▸ **What the task asks**
Write out exactly, with both ends included, the lines that run from the line containing "Tintero Esterbrook Aqua, Azul, 50ml, Cristal, EINK-SHIMM-AQUA" to the end of the entries. Pictures are not part of the answer.

Material for the task below:

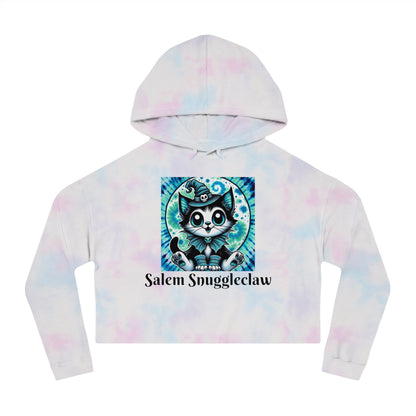 "Salem Snuggleclaw" Cropped Hooded Sweatshirt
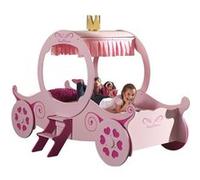Vipack Funbeds Lit Carrosse Princesse Kate + Matelas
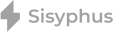 Sisyphus company logo with stylized graphic element.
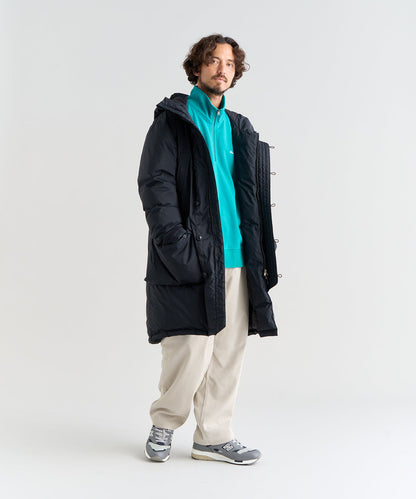 NANGA AURORA TEX DOWN FIELD HALF COAT(MEN) / 機能型軍事輪廓 羽絨外套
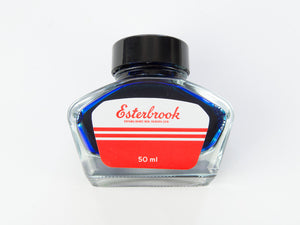 Tintero Esterbrook Aqua, Azul, 50ml, Cristal, EINK-SHIMM-AQUA
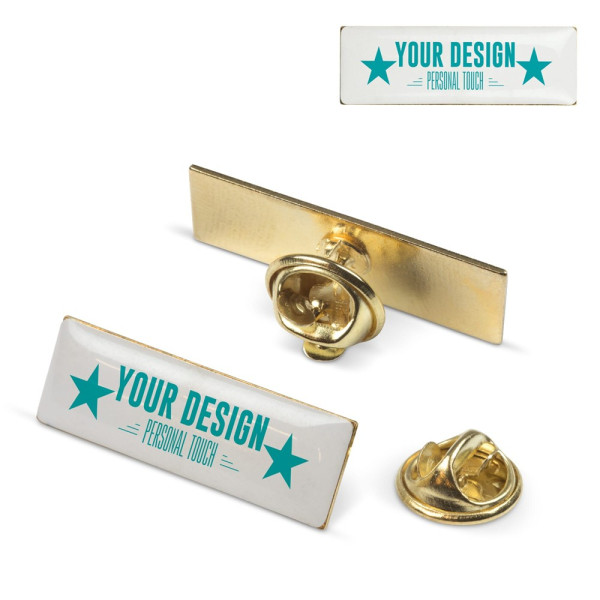 Badge metalen pin 30x10mm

End of Material for the task.

▸ **Solved exercise**
 Tintero Esterbrook Aqua, Azul, 50ml, Cristal, EINK-SHIMM-AQUA
 Badge metalen pin 30x10mm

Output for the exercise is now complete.